Check out this free author talk with Doug on January 18 at Horizon Books.


So this is the first of your books to make it to the screen. What was it like watching Horse Soldiers become 12 Strong?

When I was on set, I was reminded of something Jim Harrison said to me after he watched Legends of the Fall. He said it was “surreal.” For me, it was the same. And I mean “surreal” in just the way the poet Rimbaud meant: It was more real than real. I remembered interviewing people while I was reporting the book and hearing them say things about their lives. And to see some of those same words and gestures re-created was pretty incredible.

The cliché, of course, is that movies are never as good as the books. Was the adaptation process a little painful?

Well, the screenwriter, Ted Tally, won an Oscar for adapting The Silence of the Lambs, and Peter Craig, who wrote The Town, also did a draft. So from the beginning, the story was in the hands of writers who understood storytelling. So I actually didn’t find it painful. In fact, they asked me lots of questions to get the details right. It’s a hell of an action movie, but it’s ultimately about relationships between the Americans and Afghans and this moment in history that a lot of people don’t know about. So it still feels like a sophisticated movie.

The story captures events in 2001. The book was published in 2009. The movie is out in 2018. Do you think people will respond to the story differently, given that the politics of that war have grown more complicated?
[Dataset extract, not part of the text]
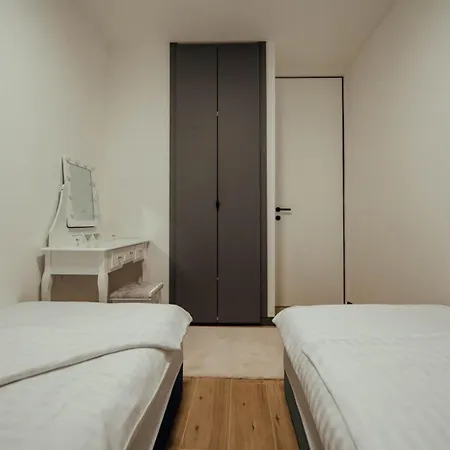 Apartment Black Queen *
You know, I think the takeaway is the same. The story is essentially a portrait of people working alongside each other, and of these principles that are unique to Army Special Forces and their ability to achieve some social good. So it’s not a political movie at its heart, because what you’re watching is a real response by real people to real events. You see a sense of mission and purpose that everyone seemed to be in agreement with at the time. I mean, my new book, The Odyssey of Echo Company, deals with Vietnam. If you squint, in some ways I guess you could say Afghanistan has become our new Vietnam. But our society’s response is so completely different. I’ve been to 20 cities touring with the new book, and my sense from talking with people is that Vietnam still looms as one of America’s unfinished stories. I mean, when you have a whole generation of Americans—and their kids and their grandkids—that can’t really talk about something, that’s expensive spiritually and emotionally for a country.